Теперь хочешь — не хочешь, благодаря В. Р. Мединскому нам придётся пересматривать многое в русской истории.

Миф и отношения народов

Правда и то, что исторические и политические мифы рождаются из бытовых, из литературных. Ничего нового! Невозможно отрицать, что мифы о России создавались начиная с XVI–XVII веков — в огромной степени усилиями путешественников в Россию или перебежчиков.

Эти мифы необязательно были чёрными, враждебными. Но они всегда были мифами — то есть большими или меньшими искажениями реальности.

От Барберини и Герберштейна в XVI веке до туристов XX века о России писали не то, чтобы уж полное враньё… Всё сложнее и тоньше. Писали удобную полуправду — то есть миф. Миф сочинялся даже не из каких-то негативных чувств. Просто каждый как понял — так и писал. Нормальнейшие записки путешественника, который в чужой стране редко так уж и всё понимает.

В результате что получается? Немцы в XVI–XVIII веках жили в лоскутной Священной Римской империи, состоявшей из сотен полунезависимых и независимых княжеств. Им централизованная Московия, потом Российская империя представлялась царством бюрократии и невероятного, нечеловеческого усиления всяческой власти.

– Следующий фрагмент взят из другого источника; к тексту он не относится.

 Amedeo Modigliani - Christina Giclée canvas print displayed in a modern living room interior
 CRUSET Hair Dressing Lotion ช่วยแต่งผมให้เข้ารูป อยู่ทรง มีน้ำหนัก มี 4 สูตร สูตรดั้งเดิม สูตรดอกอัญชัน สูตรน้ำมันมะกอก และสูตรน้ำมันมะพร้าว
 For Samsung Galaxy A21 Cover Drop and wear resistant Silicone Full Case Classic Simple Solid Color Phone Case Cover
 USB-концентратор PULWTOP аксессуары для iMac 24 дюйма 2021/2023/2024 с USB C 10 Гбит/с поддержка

Примерно так же виделась Россия полякам — у них шляхта жила в условиях анархии, которой позавидовал бы даже «батька» Махно. В конце концов, Махно мог сколько угодно называть себя анархистом, но создал-то он свирепое террористическое государство, в котором вольнодумие, говоря мягко, не поощрялось. А польский шляхтич РЕАЛЬНО имел право «вето» — то есть запрещения любого изданного королём закона, который лично ему не нравился. И имел право «рокоша» — то есть объявления войны своему собственному правительству. И между прочим, случаи рокошей бывали совершенно реально!

Ни один боец Махно ни права вето, ни права на рокош, то есть объявления войны «батьке» Махно, не имел. А дворянская сверхмахновщина в Речи Посполитой — имела! Потому и Россия казалась польским шляхтичам какой-то нечеловеческой и жуткой государственной машиной, подавляющей человеческую личность.

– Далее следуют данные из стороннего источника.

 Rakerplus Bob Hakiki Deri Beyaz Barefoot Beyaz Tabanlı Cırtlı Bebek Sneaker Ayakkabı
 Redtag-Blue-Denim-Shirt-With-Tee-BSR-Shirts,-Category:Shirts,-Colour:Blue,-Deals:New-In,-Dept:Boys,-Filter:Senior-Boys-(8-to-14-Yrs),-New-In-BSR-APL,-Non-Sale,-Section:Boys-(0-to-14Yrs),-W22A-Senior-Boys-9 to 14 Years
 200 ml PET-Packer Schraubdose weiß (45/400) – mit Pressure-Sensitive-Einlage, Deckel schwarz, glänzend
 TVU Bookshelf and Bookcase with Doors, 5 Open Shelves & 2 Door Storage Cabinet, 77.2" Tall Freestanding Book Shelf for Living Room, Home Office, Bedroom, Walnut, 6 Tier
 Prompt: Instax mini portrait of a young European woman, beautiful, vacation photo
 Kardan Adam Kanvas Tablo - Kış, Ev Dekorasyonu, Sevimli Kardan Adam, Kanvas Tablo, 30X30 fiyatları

А французам и англичанам Российская империя такой вовсе не казалась: они приезжали из государств, которые по уровню централизации вполне могли поспорить и с Россией. И в которых бюрократия, кстати, была побольше и посильнее русской. Королевская Франция XVIII века, «демократическая» Франция XIX века — это буквально десятки тысяч чиновников, целая армия, в сравнении с которой русское «царство столоначальников» кажется просто убогим.

Но французы и англичане нервно относились к тому, что права человека в России не гарантированы писаным законом. Что они гарантированы неписаным обычаем — просто не замечали, потому что у них ничего подобного не было. А вот что в законах что-то не прописано — видели очень хорошо, и возмущались по этому поводу.

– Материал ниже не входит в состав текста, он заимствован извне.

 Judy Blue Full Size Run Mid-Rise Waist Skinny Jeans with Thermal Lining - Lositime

Англичанина Флетчера ещё возмущала нерациональность русской культуры, отсутствие того, что он готов был считать просвещением. Для него то самого рациональное отношение к жизни было так же очевидно, как солнечный свет. Столкнувшись с совсем другой культурой, Флетчер весьма огорчался и вовсе не из политической необходимости и не из ненависти к русским сочинял откровенный миф. Он так видел и, в конце концов, имел полное право так видеть.

Сами по себе бытовые и литературные мифы — это не хорошо и не плохо… Это как жара летом и холод зимой — то есть если даже и неудобно, то нейтрально. И вообще мало ли кто и что пишет.